● **WORK ORDER**
Every entry that follows is to be set down exactly, with its pictures omitted.

● **DATA FOR PROCESSING**
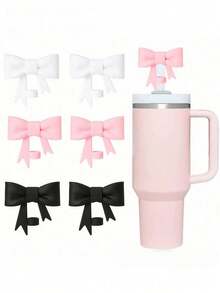 Bow Straw Covers Cap Toppers Compatible With Stanley 30&40 Oz Tumbler - Multicolor - View 3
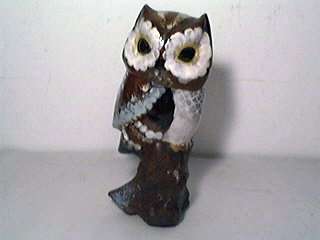 Thelma Frazier Winter WPA Pottery Owl Cleveland School  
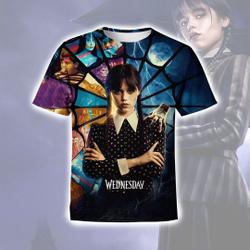 Wednesday Addams Shirt, The Addams Family Cosplay 3D Shirt Meaningful Gift For Family Gift For Boyfriend Valentine Gift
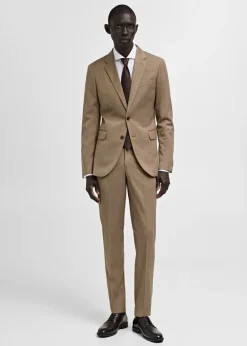 MANGO Spodnie|Spodnie*Spodnie garniturowe Milan w kratę księcia Walii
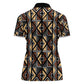 Mali Mud Cloth Legacy Women Polo Shirt African Tribal Pattern - African Pride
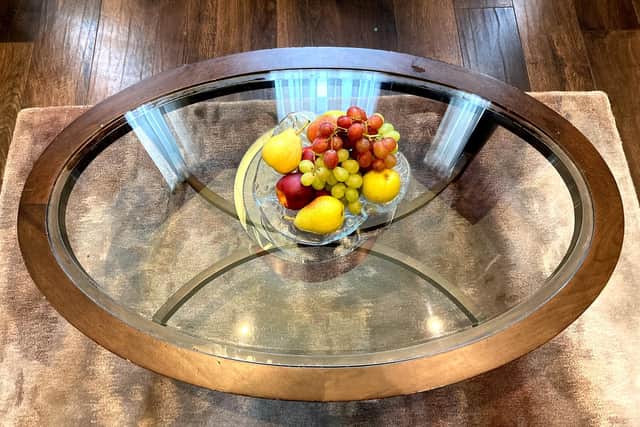 A welcome bowl of fruit was an unexpected and appreciated touch.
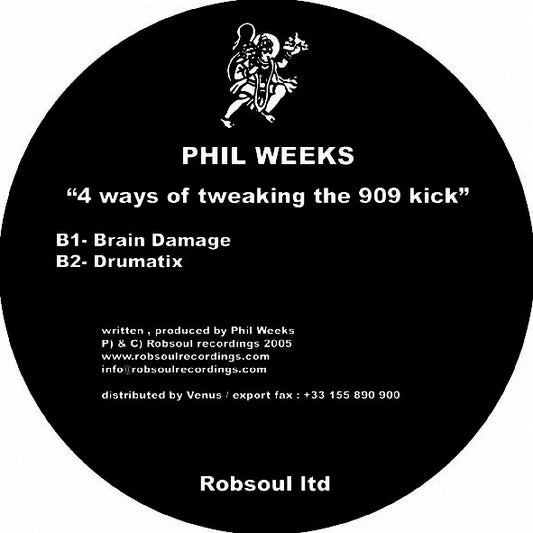(Usado vg+) Phil Weeks – 4 Ways Of Tweaking The 909 Kick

● **OUTPUT**
 Bow Straw Covers Cap Toppers Compatible With Stanley 30&40 Oz Tumbler - Multicolor - View 3
 Thelma Frazier Winter WPA Pottery Owl Cleveland School  
 Wednesday Addams Shirt, The Addams Family Cosplay 3D Shirt Meaningful Gift For Family Gift For Boyfriend Valentine Gift
 MANGO Spodnie|Spodnie*Spodnie garniturowe Milan w kratę księcia Walii
 Mali Mud Cloth Legacy Women Polo Shirt African Tribal Pattern - African Pride
 A welcome bowl of fruit was an unexpected and appreciated touch.
(Usado vg+) Phil Weeks – 4 Ways Of Tweaking The 909 Kick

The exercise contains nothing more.